Saved entries:
┏━━

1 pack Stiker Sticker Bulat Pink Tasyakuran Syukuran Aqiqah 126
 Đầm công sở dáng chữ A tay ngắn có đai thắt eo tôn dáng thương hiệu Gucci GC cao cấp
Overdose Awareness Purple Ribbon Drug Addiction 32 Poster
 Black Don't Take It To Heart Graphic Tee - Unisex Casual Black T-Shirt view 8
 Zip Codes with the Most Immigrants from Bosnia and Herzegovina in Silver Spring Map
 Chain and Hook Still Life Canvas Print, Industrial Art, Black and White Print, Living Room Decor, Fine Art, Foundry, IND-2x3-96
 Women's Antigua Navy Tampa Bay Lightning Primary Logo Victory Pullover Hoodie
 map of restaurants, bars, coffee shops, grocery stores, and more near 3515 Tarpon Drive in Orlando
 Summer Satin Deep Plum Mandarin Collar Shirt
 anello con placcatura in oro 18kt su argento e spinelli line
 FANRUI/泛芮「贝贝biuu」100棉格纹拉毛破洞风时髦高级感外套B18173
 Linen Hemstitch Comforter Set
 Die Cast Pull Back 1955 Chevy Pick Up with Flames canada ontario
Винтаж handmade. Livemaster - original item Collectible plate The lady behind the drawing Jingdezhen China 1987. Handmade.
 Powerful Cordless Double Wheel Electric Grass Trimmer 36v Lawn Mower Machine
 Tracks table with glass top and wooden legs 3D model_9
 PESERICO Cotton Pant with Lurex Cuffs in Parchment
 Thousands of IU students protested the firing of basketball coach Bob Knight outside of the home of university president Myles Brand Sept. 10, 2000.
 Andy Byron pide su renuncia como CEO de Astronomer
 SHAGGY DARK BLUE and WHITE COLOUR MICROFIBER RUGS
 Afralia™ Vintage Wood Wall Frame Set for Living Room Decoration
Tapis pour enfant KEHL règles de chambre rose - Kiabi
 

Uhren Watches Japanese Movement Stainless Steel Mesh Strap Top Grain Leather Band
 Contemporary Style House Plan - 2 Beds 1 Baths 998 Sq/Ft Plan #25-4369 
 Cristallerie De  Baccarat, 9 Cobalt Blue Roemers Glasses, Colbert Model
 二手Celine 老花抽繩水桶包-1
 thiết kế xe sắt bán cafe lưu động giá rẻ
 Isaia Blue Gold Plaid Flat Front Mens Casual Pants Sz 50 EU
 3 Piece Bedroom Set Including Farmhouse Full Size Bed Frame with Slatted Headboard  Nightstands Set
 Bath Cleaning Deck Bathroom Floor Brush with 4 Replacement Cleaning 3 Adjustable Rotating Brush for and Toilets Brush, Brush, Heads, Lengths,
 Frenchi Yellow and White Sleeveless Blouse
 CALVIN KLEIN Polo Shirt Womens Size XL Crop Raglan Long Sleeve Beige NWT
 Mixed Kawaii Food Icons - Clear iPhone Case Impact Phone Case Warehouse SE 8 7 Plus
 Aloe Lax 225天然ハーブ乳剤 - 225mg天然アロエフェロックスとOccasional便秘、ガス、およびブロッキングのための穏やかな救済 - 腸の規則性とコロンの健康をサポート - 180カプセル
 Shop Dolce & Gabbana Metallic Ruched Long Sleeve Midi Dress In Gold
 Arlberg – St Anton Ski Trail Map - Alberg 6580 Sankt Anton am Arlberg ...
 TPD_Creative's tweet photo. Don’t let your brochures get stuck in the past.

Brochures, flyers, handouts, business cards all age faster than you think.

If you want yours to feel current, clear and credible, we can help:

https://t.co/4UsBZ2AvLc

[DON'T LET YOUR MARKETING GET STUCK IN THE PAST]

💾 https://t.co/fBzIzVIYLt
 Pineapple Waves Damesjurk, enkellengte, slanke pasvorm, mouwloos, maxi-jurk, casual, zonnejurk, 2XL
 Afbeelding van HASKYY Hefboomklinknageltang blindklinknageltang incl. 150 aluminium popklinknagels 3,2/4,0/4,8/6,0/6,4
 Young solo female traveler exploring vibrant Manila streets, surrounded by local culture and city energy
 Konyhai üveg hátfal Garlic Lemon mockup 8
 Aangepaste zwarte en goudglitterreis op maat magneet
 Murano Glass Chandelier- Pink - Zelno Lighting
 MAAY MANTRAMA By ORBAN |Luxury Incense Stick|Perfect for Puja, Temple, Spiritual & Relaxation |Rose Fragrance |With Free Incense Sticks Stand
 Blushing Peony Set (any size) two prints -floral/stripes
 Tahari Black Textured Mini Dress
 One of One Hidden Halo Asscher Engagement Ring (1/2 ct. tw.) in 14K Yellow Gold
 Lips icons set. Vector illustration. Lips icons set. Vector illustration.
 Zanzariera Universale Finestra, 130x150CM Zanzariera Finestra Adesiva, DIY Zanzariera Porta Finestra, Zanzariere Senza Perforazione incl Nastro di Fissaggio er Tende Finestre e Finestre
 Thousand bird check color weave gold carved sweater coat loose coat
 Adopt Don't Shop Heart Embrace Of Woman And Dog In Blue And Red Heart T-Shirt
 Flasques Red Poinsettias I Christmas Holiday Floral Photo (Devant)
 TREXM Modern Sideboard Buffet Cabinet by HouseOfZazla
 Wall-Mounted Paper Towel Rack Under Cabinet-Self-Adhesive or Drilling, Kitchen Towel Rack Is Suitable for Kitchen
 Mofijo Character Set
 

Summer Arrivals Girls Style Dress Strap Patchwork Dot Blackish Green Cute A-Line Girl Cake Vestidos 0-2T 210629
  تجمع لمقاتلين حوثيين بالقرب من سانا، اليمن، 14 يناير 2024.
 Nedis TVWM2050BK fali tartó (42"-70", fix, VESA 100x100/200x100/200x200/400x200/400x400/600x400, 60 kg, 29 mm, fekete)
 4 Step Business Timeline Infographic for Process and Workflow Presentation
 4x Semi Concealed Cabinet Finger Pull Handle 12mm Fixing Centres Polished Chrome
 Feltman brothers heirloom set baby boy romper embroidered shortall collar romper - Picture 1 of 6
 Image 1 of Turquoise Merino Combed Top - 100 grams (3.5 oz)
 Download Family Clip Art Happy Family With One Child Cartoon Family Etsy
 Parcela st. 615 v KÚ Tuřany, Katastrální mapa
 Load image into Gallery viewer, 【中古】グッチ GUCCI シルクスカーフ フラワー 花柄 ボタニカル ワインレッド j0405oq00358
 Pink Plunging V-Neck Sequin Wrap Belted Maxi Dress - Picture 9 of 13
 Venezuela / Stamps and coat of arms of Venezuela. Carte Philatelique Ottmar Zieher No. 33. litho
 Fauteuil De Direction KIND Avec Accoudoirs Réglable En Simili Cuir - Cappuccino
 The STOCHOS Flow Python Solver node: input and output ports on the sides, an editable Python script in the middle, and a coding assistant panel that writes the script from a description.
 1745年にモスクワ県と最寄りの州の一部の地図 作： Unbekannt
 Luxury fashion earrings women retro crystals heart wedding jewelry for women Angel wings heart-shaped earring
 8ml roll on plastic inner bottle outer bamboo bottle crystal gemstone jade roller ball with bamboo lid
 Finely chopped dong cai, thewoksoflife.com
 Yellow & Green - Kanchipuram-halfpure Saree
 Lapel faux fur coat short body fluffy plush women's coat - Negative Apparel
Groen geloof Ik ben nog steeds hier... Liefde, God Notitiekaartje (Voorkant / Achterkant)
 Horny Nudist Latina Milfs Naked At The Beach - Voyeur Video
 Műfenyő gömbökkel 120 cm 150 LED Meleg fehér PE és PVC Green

┗━━

▸ **Work request**
Which lines above contain the word "Living"? Copy each one.

▸ **Answer to this task**
 Chain and Hook Still Life Canvas Print, Industrial Art, Black and White Print, Living Room Decor, Fine Art, Foundry, IND-2x3-96
 Afralia™ Vintage Wood Wall Frame Set for Living Room Decoration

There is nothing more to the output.